Dynamic analysis of moisture, dielectric property and microstructure of ginger slices during microwave hot-air flow rolling drying

This study investigates the drying process of ginger slices using the microwave hot air rolling bed drying (MHARD) method, in terms of measuring drying kinetic change, moisture state and migration, dielectric characteristics, and color changes. The low-field nuclear magnetic resonance (LF-NMR) signal of free, immobilized, and bound water analysis indicates that during the drying of the sample, the drying rate followed a typical “rapid rise-steady-decline” trend in the “preliminary-constant rate-falling rate” stages, respectively. The LF-NMR result shows the content of free water (A23) in the ginger slices decreased gradually during the drying.
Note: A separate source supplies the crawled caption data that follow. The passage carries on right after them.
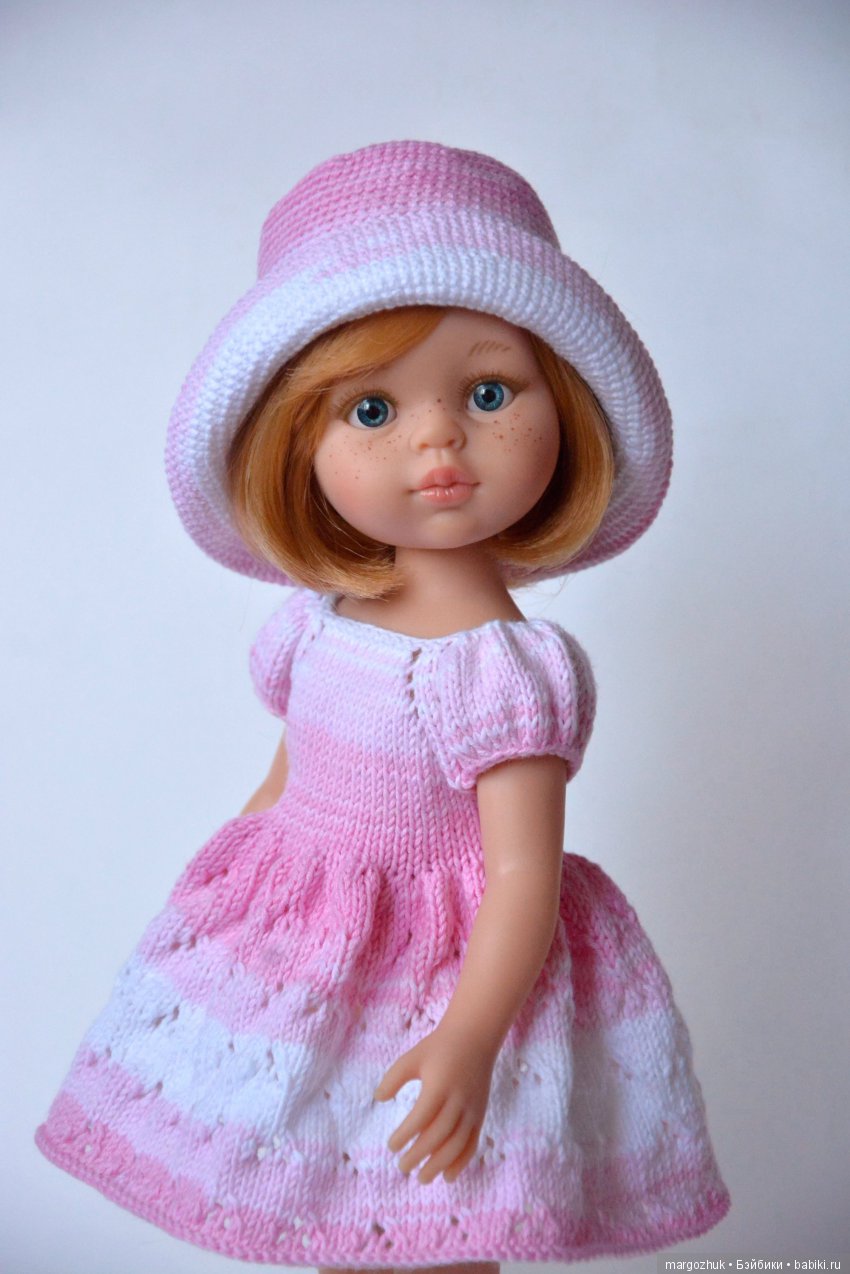 Делай, как мы: вяжем и красуемся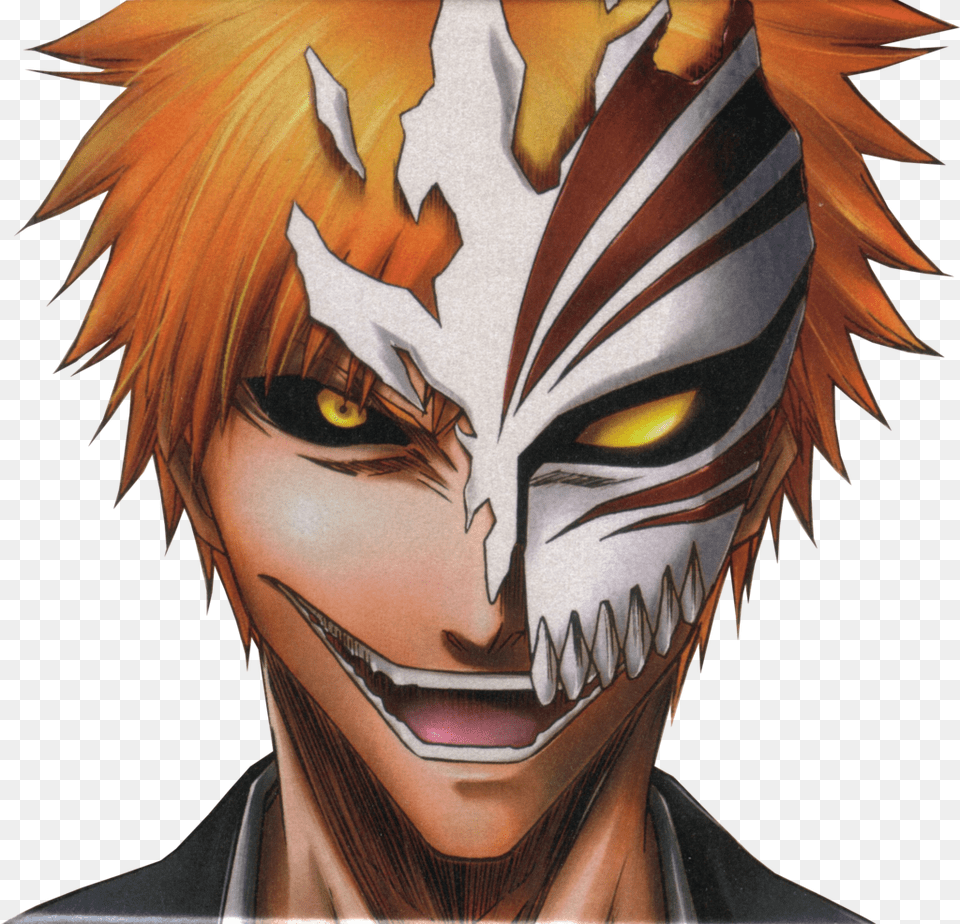 Ichigo Kurosaki Ichigo, Publication, Book, Comics, Adult Free Png Download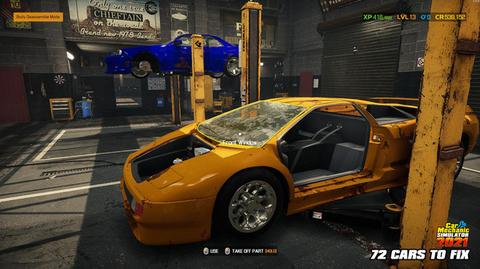 Car Mechanic Simulator 2021 [Ana Konu]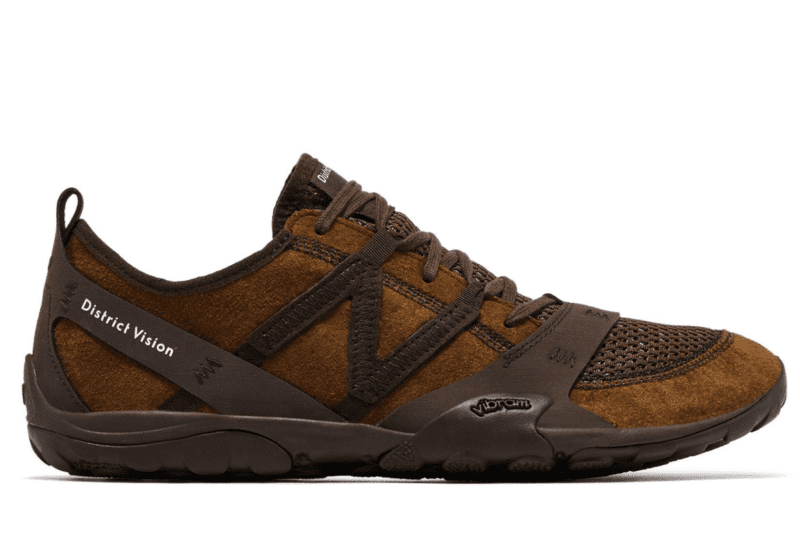 New Balance Minimus MT10 x District Vision "Desert Palm"
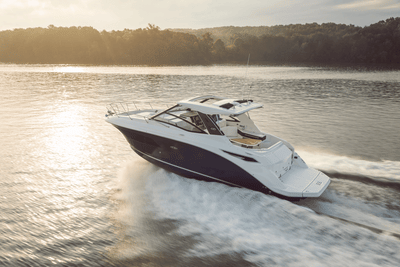 BOATZON | Sea Ray Sundancer 320 2026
Meanwhile, bound water (A21) content and immobilized water (A22) content firstly increased and subsequently decreased, because of the microwave and hot air, the movement of water molecules accelerated and the binding force weakened, and then bound water (A21) and immobilized water (A22) decreased. On the other hand, both dielectric constant (ε′) and loss factor (ε″) of the sample decreased gradually with the decrease in moisture content and logarithmic models were established to describe this correlation. In the preliminary drying stage, although increased microwave power led to a higher drying rate, it resulted in significant damage to the microstructure and compromised the color profile of the final dehydrated ginger slices. This research aims to discuss the mechanism of ginger slides dehydration using the MHARD technique to produce a final product with high quality.